DATA
╔══

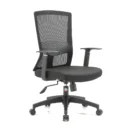Silla ergonómica Quios negra de malla con base de polipropileno, vista tres cuartos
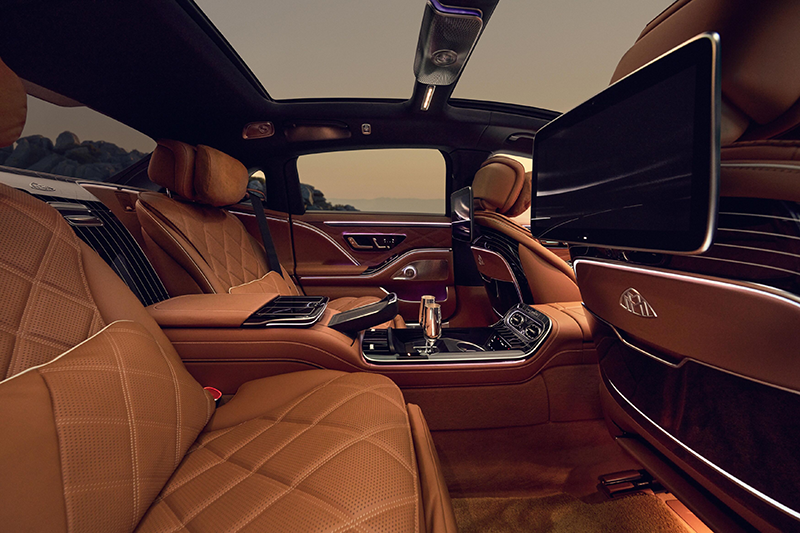 Habitacle arrière Mercedes-Maybach Classe S 2026 avec sièges Executive cuir Nappa, écrans MBUX 13,1 pouces et console centrale avec flûtes à champagne argentées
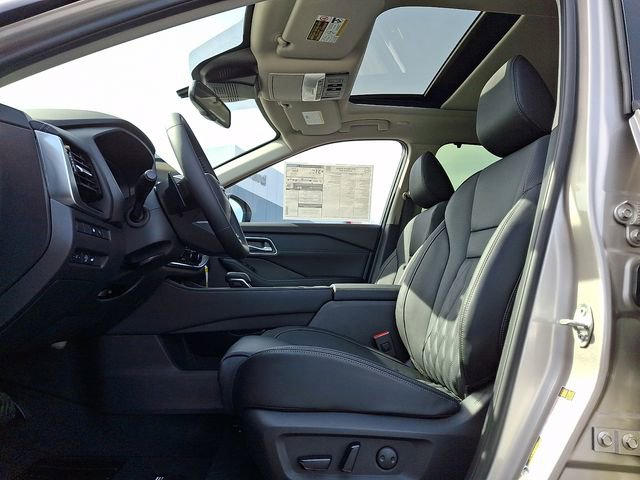 New 2026 Nissan Rogue Platinum w/ Platinum Premium Package AWD/4WD image 5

╚══

GOAL OF THE EXERCISE
Copy out nothing but text: transcribe the listing exactly and skip each picture.

ANSWER SPACE
Silla ergonómica Quios negra de malla con base de polipropileno, vista tres cuartos
 Habitacle arrière Mercedes-Maybach Classe S 2026 avec sièges Executive cuir Nappa, écrans MBUX 13,1 pouces et console centrale avec flûtes à champagne argentées
 New 2026 Nissan Rogue Platinum w/ Platinum Premium Package AWD/4WD image 5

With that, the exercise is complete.